-- Description of the task --
Word for word, copy the line containing "piton yılan odaklanmak" and every line after it in the records below, leaving pictures out.

[Crawled caption data]
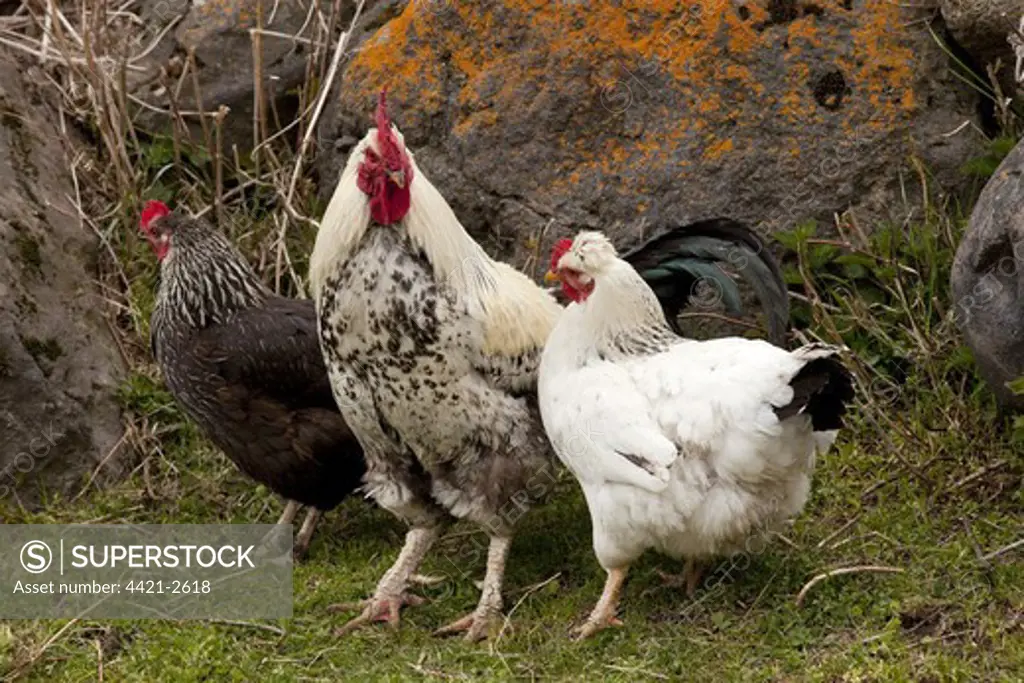 Domestic Chicken, freerange cockerel and hens, in mountain smallholding, Kazbegi Village, Great Caucasus, Georgia, spring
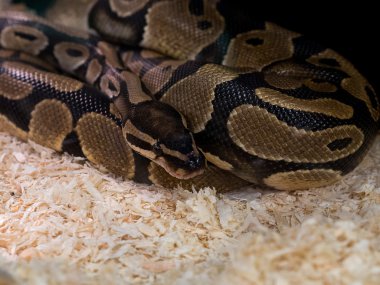 piton yılan odaklanmak bu kafa ve göz kısa yakın çekim ve bulanıklık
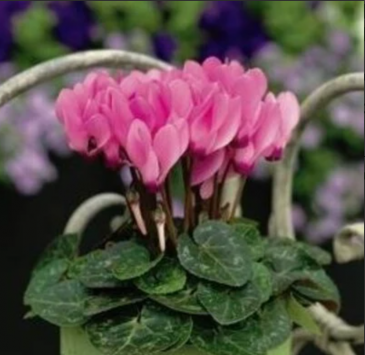Цикламен персидский (Cyclamen persicum)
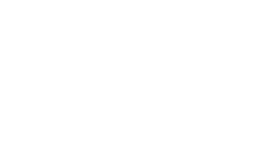 Ford's Garage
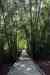 20140610_152623.jpg - 2014:06:10 15:26:23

-- Exercise result --
 piton yılan odaklanmak bu kafa ve göz kısa yakın çekim ve bulanıklık
Цикламен персидский (Cyclamen persicum)
 Ford's Garage
 20140610_152623.jpg - 2014:06:10 15:26:23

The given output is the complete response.